Focal's new Electra 1037 Be ($10,995) is essentially a larger, more powerful 1027 Be, with the latter speaker's basic architecture and components. Both are three-way, bottom-ported designs, and both feature Focal's exclusive 1" inverted beryllium-dome tweeter with Infinite Acoustic Loading (IAL) enclosure and 6½" W midrange cone. In place of the 1027's two 6½" W cones, the 1037 features three 7" W drivers, which should result in improved bass extension, dynamic capabilities, and sensitivity.

The Electra 1037 Be's stack of three woofers necessitated a 6" height increase over the 1027, to 49", though the 1037 is only 1" wider and 2" deeper. Still, it weighs almost 40 lbs more: 112 lbs each. The result is a tall, graceful, imposing, wedge-shaped structure with stained redwood side cheeks, glossy, black curved baffle, recessed drivers, and flush-mounted grilles. It's probably the most attractive-looking speaker Focal has produced.

Factory specs
Last summer, when Canada-based American importer Audio Plus Services found out I was attending Milan's Top Audio Show (on my own dime), they invited me to make a detour (on their dime) to visit Focal in France, before flying on to the UK for the Hi-Fi News show at Heathrow Airport.

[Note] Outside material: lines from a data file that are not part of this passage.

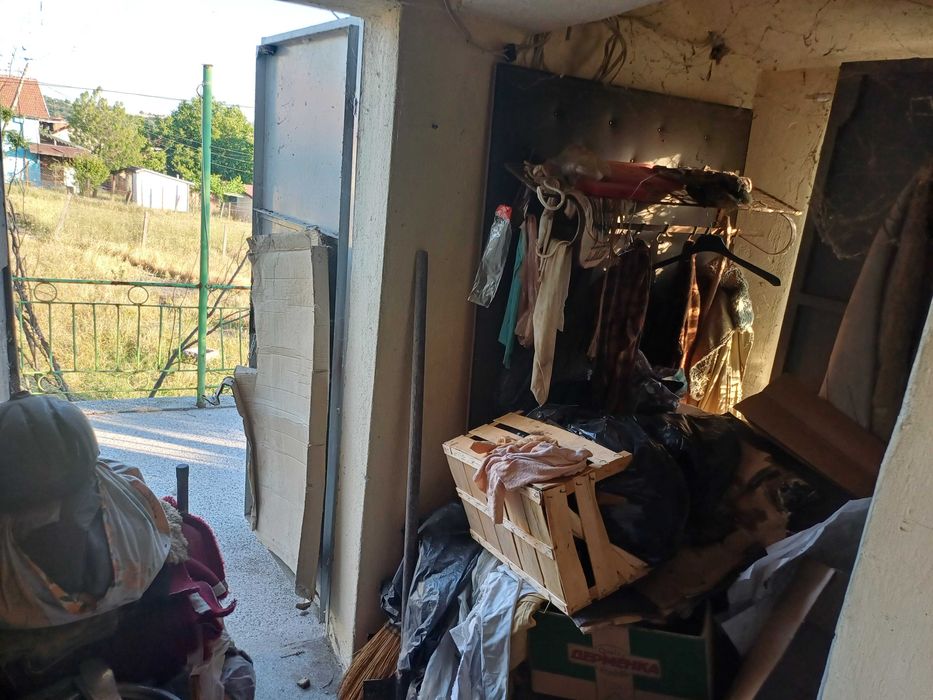 Продава Къща гр.Хасково кв.Изток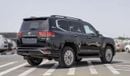 Toyota Land Cruiser TOYOTA LAND CRUISER VXR 3.3L DIESEL FULL OPTION 2024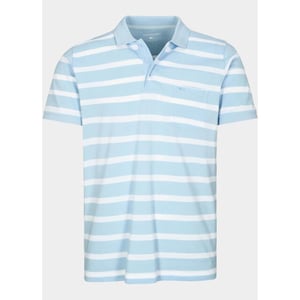 Commander Flag polo heren 214008359/641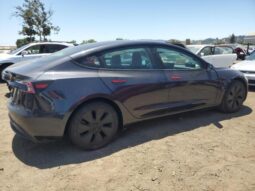 
										2024 Tesla Model 3 full									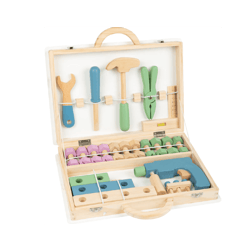 Boîte à outils nordique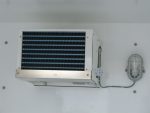 Hapert Sapphire L-2 – 2000 Tieflader-Kühlkoffer mit leistungsstarker Isolierung – Bild 6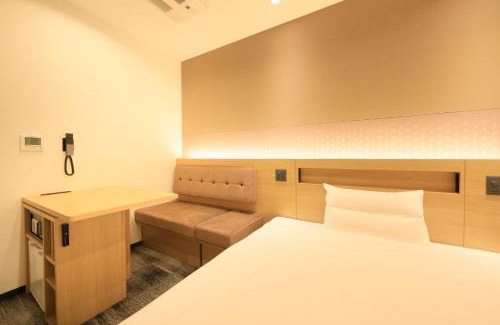 Akasaka Hotel | Via Inn Prime Akasaka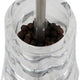 Peugeot - Molene 5" Acrylic Black Pepper Mill (14 cm) - 28992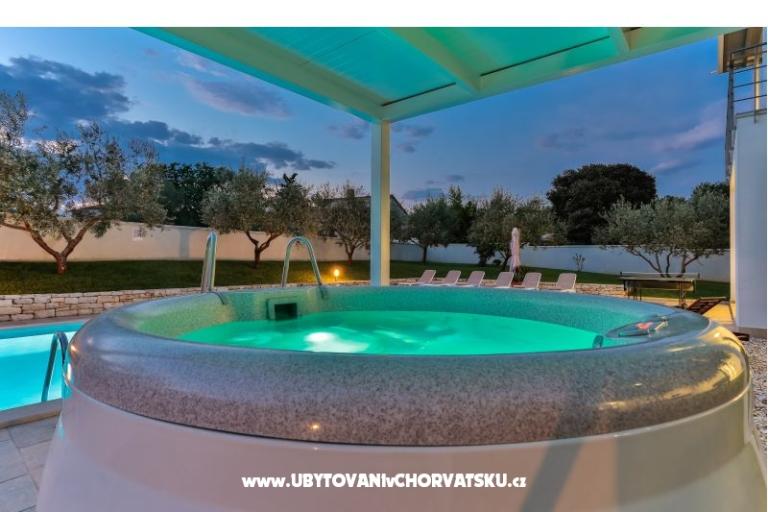 Villa Smrikve Lounge – фото 17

My first French stop was the Roman-built village of Bourbon-Lancy, home of the Guy.HF woodworking and cabinetmaking factory, where Focal's furniture-quality speaker enclosures have been built since Focal was founded in 1980. By 2001, Focal was accounting for 95% of Guy.HF's output, and so bought a 49% stake in the company from longtime audiophile and cabinetmaker Jean-Paul Guy, whose father, Emile, had founded the firm in 1945.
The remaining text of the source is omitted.